“'Maybe not,' says I, 'they say it's a wise man that does. Are you one o' them?'”
“'I'm one o' them, did you ever hear of ould Kid Flaherty?'”
“'Well, no; but I did of Buck Flaherty, that always went in boots and buckskin breeches, and wore two watches and a silver-mounted whip.'”
“'Well, you must know that Kid was a son'—and here he pointed his thumb over his left shoulder wid a knowin' grin upon him—'was a son of the ould Buck's. The ould Buck's wife was a Murtagh; now she again had a cousin named M'Shaughran, who was married upon a man by name M'Faddle. M'Faddle had but one sisther, and she was cousin to Frank M'Fud, that suffered for—but no matther—the M'Swiggins and the M'Fuds were cleaveens to the third cousins of Kid Flaherty's first wife's sister-in-law, and she again was married in upon the M'Brides of Newton Nowhere—so that you see you and I are thirty-second cousins at all events.'”
“'Well, anyway he made out some relationship between us, or at least I thought he did—and maybe that was as good—and faith may be a great deal better, for if ever a man had the look of a schemer about him the same customer had.
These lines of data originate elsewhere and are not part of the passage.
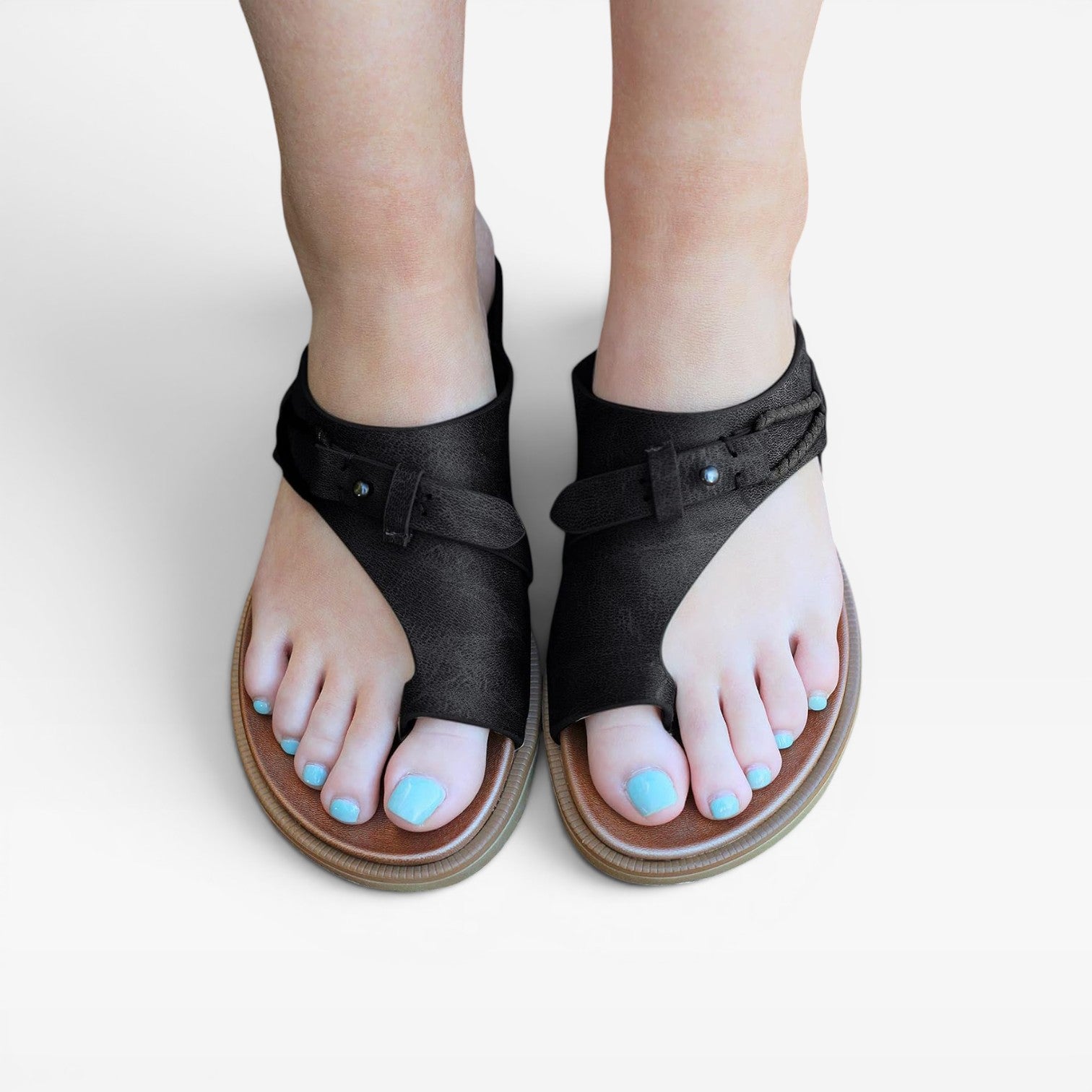 Women's Leather Toe Loop Sandals – Orthopedic Comfort Footbed Adjustable Strap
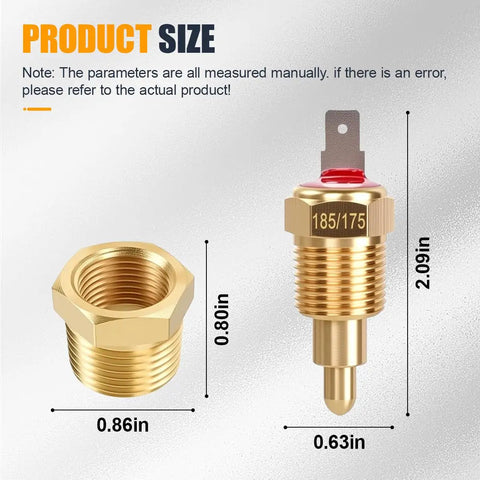 Electric Cooling Fan Thermostat Switch For Auto Radiator Temperature Sensor Switch Three Eighths Inch Pipe Thread Fits 10 Inch 12 Inch 14 Inch 16 Inch Fans Gold brass 2.09in x 0.63in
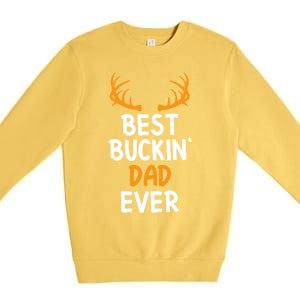 Best Buckin Dad Ever Cool Gift Premium Crewneck Sweatshirt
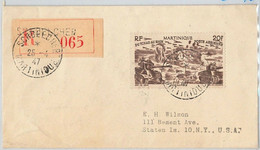 45067 MARTINIQUE - POSTAL HISTORY: REGISTERED COVER From SORBELCHER To USA 1947 - Lettres & Documents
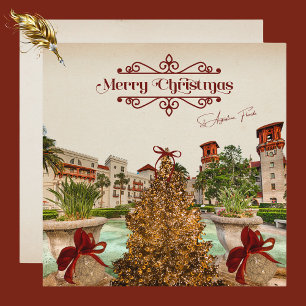 Merry Christmas from St Augustine Florida Elegant Holiday Card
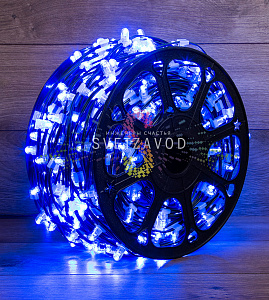 Клип Лайт 12В, фиксинг, синий, 665 LED, 100м, темно-зеленый ПВХ, IP65, Neon-Night
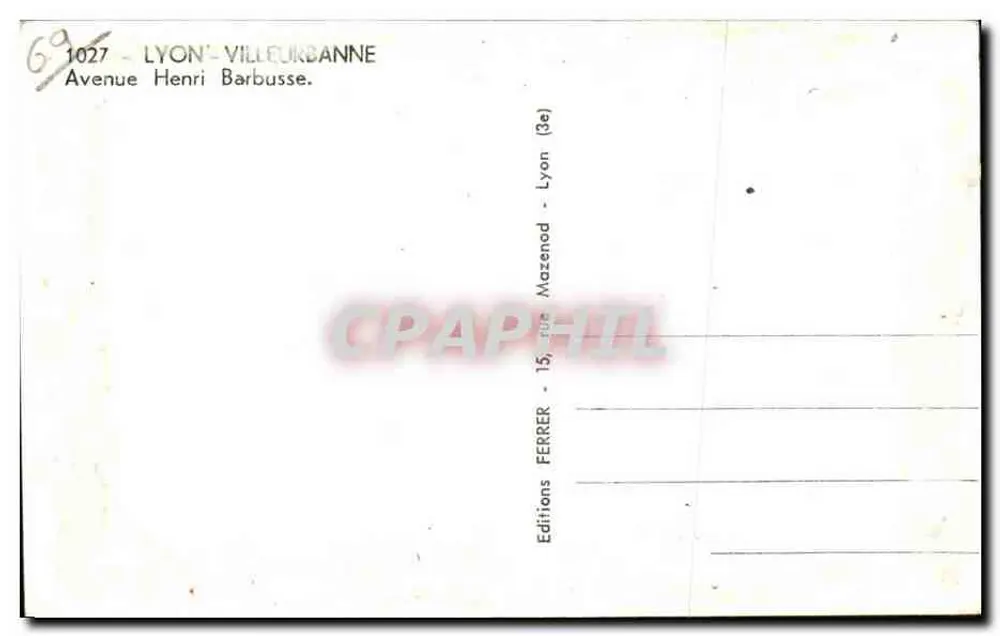 Avenue Henri Barbousse — Lyon-Villeurbanne — Editions Ferrer - Rückseite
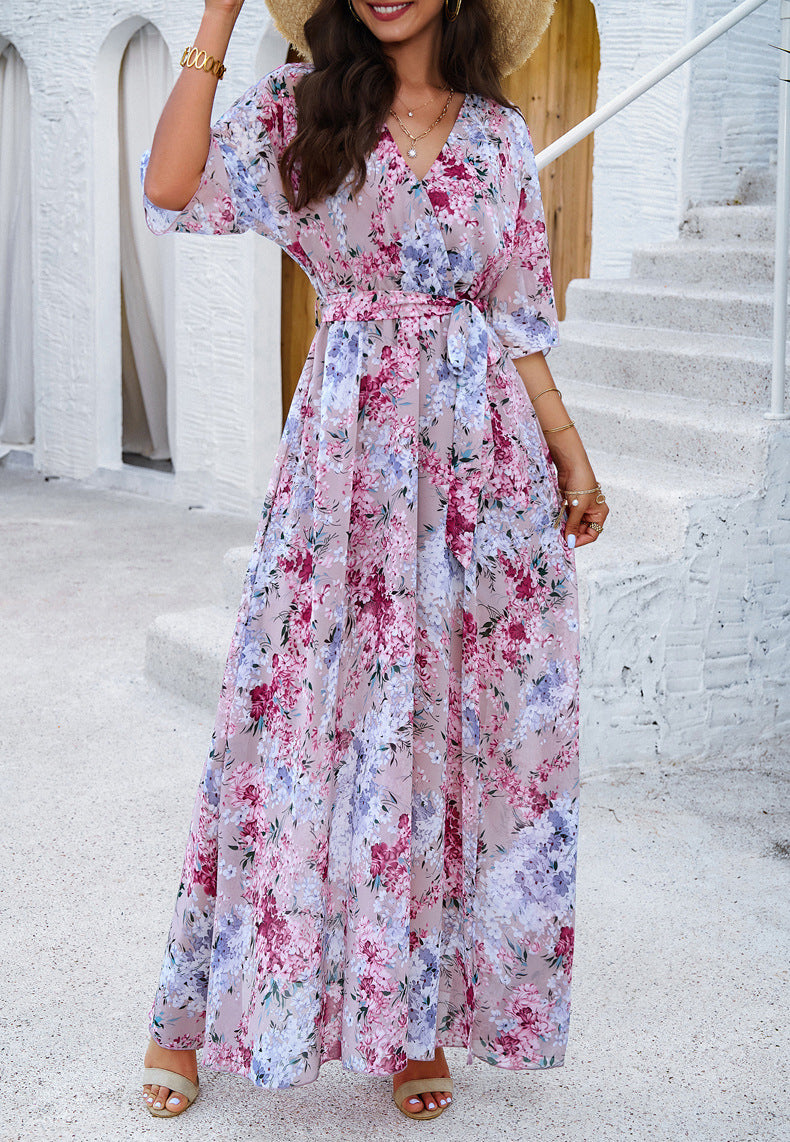 Floral Printed V-Neck Pleated Dress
At any rate we had some drink together, and went on very well till we got befuddled, which, it seems, is his besetting sin. It was clearly his intention, I could see, to make me tipsy, and I dare say he might a done so, only for a slight mistake he made in first getting tipsy himself.”
“Well, but I'm not much the wiser of this,” observed Norton. “What are you at?”
“Neither am I,” replied Morty; “and as to what I'm at—I dunna what the devil I'm at. That's just what I want to know.”
“Go on,” said the other, “we must have patience. Who did this fellow turn out to be?”
“He insisted he was a relation of my own, as I tould you.”
“Who the devil cares whether he was or not! What was he, then?”